■ Task statement:
Every record must be reproduced exactly. Leave none out.
──────── Data supplied
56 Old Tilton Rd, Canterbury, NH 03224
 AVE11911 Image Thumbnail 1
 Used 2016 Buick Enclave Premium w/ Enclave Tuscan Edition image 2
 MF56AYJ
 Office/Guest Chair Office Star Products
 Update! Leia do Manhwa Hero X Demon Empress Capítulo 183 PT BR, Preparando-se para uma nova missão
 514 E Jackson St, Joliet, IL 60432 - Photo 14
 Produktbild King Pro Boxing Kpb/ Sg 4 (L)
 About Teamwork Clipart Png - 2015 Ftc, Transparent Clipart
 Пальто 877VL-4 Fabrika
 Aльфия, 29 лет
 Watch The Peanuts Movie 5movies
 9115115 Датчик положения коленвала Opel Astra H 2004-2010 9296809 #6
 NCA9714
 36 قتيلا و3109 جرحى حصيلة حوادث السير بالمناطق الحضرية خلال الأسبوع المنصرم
────────────────
■ Task answer:
56 Old Tilton Rd, Canterbury, NH 03224
 AVE11911 Image Thumbnail 1
 Used 2016 Buick Enclave Premium w/ Enclave Tuscan Edition image 2
 MF56AYJ
 Office/Guest Chair Office Star Products
 Update! Leia do Manhwa Hero X Demon Empress Capítulo 183 PT BR, Preparando-se para uma nova missão
 514 E Jackson St, Joliet, IL 60432 - Photo 14
 Produktbild King Pro Boxing Kpb/ Sg 4 (L)
 About Teamwork Clipart Png - 2015 Ftc, Transparent Clipart
 Пальто 877VL-4 Fabrika
 Aльфия, 29 лет
 Watch The Peanuts Movie 5movies
 9115115 Датчик положения коленвала Opel Astra H 2004-2010 9296809 #6
 NCA9714
 36 قتيلا و3109 جرحى حصيلة حوادث السير بالمناطق الحضرية خلال الأسبوع المنصرم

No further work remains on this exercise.